In [12]:
import pandas as pd
import numpy as np
import json
from gensim.models import Word2Vec, FastText
from gensim.models.callbacks import CallbackAny2Vec
from gensim.models import FastText
from epochlogger import EpochLogger
from sentencegenerator import SentenceGenerator
import nltk
import re
from numpy import float32

### Import the original data

In [25]:
data = pd.read_csv('../data/mfp-diaries.tsv',sep='\t',header=None,chunksize=40000)

### Load the W2V and FastText models


In [14]:
w2v = Word2Vec.load('../word2vecmodels/foods_w2v_window6_mc10.model')
fasttext = FastText.load('../fasttextmodels/foods_fasttext_window6_mc10.model')

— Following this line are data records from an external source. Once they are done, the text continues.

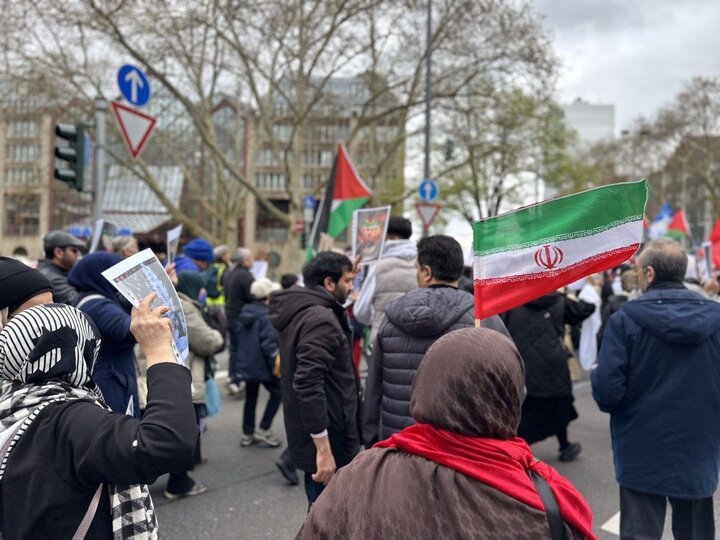 فریاد «مرگ بر آمریکا» در خیابان‌های برلین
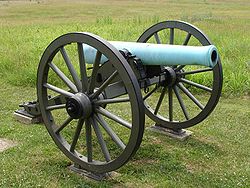 M1857 12-Pounder "Napoleón" en el Parque Militar Nacional de Gettysburg, 2005. El cañón de bronce tiene una pátina verde porque no está en servicio y no está pulido.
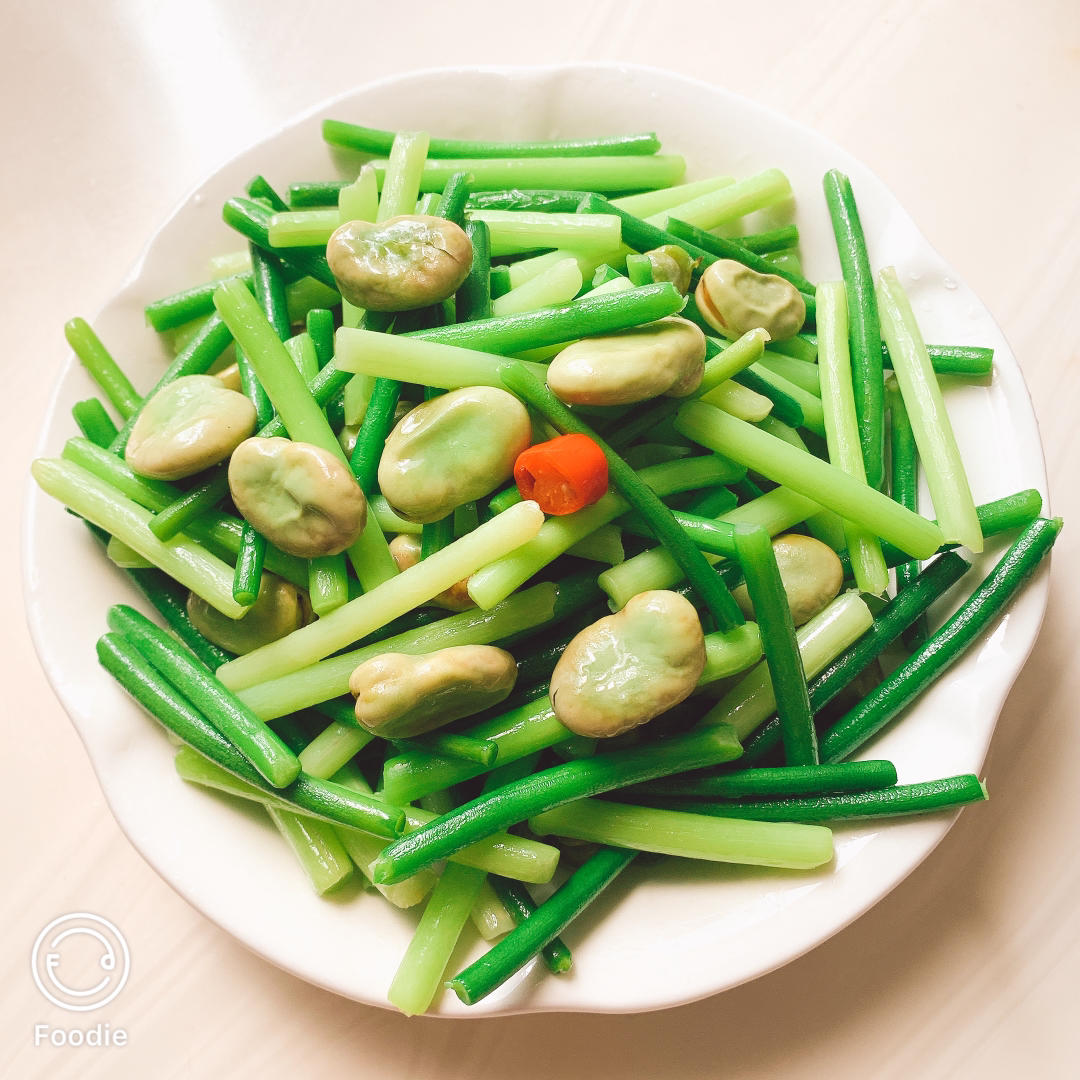 蚕豆炒蒜苗
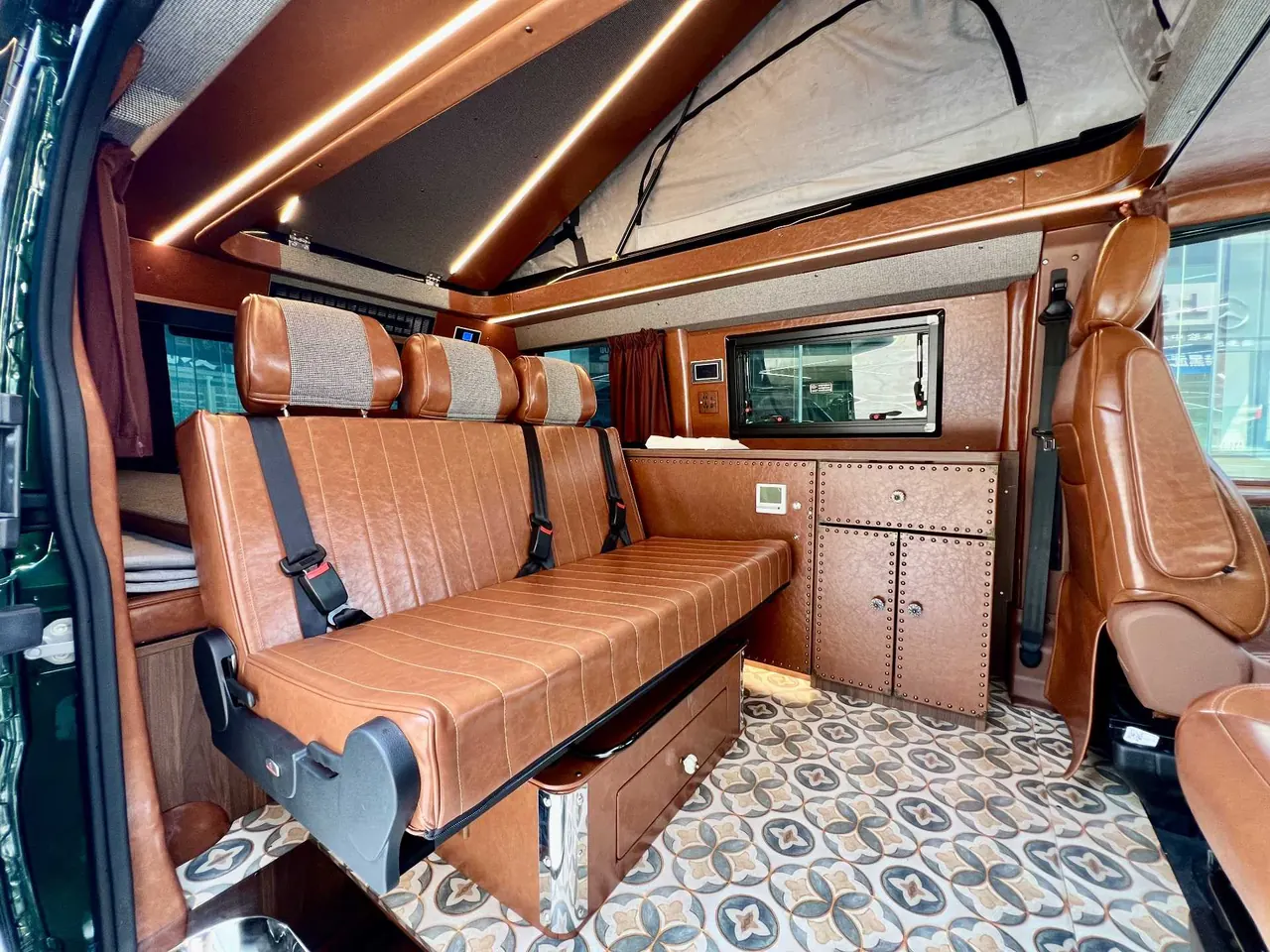 Jun Tian 2025 Watson Will 1917 Camper 2.0T Peak Edition Automatic Gear 8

### Create a unique row ID based on user and date
We originally planned to do this, but realized we later need to aggregate by user anyway. This data is separated back out when we construct the table

In [15]:
def create_id(row):
    date = row[1][1]
    user = row[1][0]
    ID = str(user) + '-' + str(date)
    return [user, date]

### Consolidaton functions used to group vectors by sum or mean
If the item to be grouped is empty, we return an empty vector

In [16]:
def consolidate_sum(list_of_vectors):
    if len(list_of_vectors) == 0:
        return [np.zeros(100)]
    if len(list_of_vectors) > 1:
        return np.sum(list_of_vectors,axis=0)
    else:
        return np.asarray(list_of_vectors[0])
    
def consolidate_mean(list_of_vectors):
    if len(list_of_vectors) == 0:
        return [np.zeros(100)]
    if len(list_of_vectors) > 1:
        return np.mean(list_of_vectors,axis=0)
    else:
        return np.asarray(list_of_vectors[0])

In [17]:
def get_diary_vector(row,model):
    meal_vectors = []
    diary = json.loads(row[1][2])
    for meal in diary:
        meal_vectors.append(get_meal_vector(meal,model))
    diary_vector = consolidate_sum(meal_vectors)
    return diary_vector

### Get the vector representing a meal

In [18]:
def get_meal_vector(meal,model):
    dish_vectors = []
    for dish in meal['dishes']:
        dish_vectors.append(get_dish_vector(dish,model))
    if len(dish_vectors) == 0:
        meal_vector =  np.zeros(100).reshape(100,)
    else:
        meal_vector = consolidate_sum(dish_vectors)
    assert meal_vector.shape == (100,)
    return meal_vector

### Get the vector representing one dish (food item) within a meal

In [19]:
def get_dish_vector(dish,model):
    # Handle 'Quick Added Calories
    if dish['name'][0:20] == 'Quick Added Calories':
        name = 'Quick Added Calories'
    else:
        name, quant = dish['name'].split(',',maxsplit=1)
    # split based on delimiting characters
    tokens = re.split("[, \-!?*+()012345678~9&%=/\"#.>^<:]+",name) 
    #change to lowercase
    tokens_lower =  [token.lower() for token in tokens if len(token) > 2]
    
    # get dish vector
    word_vectors = []
    for word in tokens_lower:
        if word in model.wv.vocab:
            word_vectors.append(model.wv[word])
    if len(word_vectors) == 0:
        dish_vector = np.zeros(100).reshape(100,)
    else:
        dish_vector = consolidate_mean(word_vectors)
    assert dish_vector.shape == (100,)
    return dish_vector

### Label the user based on their goal vs actual calories
We follow the labeling convention in the original paper, labeling users who are below their goal by a >=20% margin to be "below", under their goal within the 20% margin as "on_target", and users who are above their goal as "above"

In [20]:
def create_label(row):
    summary = json.loads(row[1][3])
    if len(summary['goal']) > 0 and len(summary['total']) > 0:
        goal_cal = summary['goal'][0]['value']
        total_cal = summary['total'][0]['value']
        if goal_cal == 0:
            return None
        if total_cal > goal_cal:
            success = 'above'
        else:
            if (goal_cal-total_cal)/goal_cal > 0.2:
                success = 'below'
            else:
                success = 'on_target'
    else:
        return None
    return [goal_cal,total_cal,success]

### Loop through the original data to contruct the classifier input using the Word2Vec vectors

- Output rows are in the format `[user][date][.......fasttext vector........][goal][actual][label]`

- "mixed_1" in the file name indicates the mix of aggregation functions. We found that averaging words to get foods, summing foods to get meals, and summing meals to get days works best. We called this mix 1, as opposed to other mixes of sum and mean aggregation.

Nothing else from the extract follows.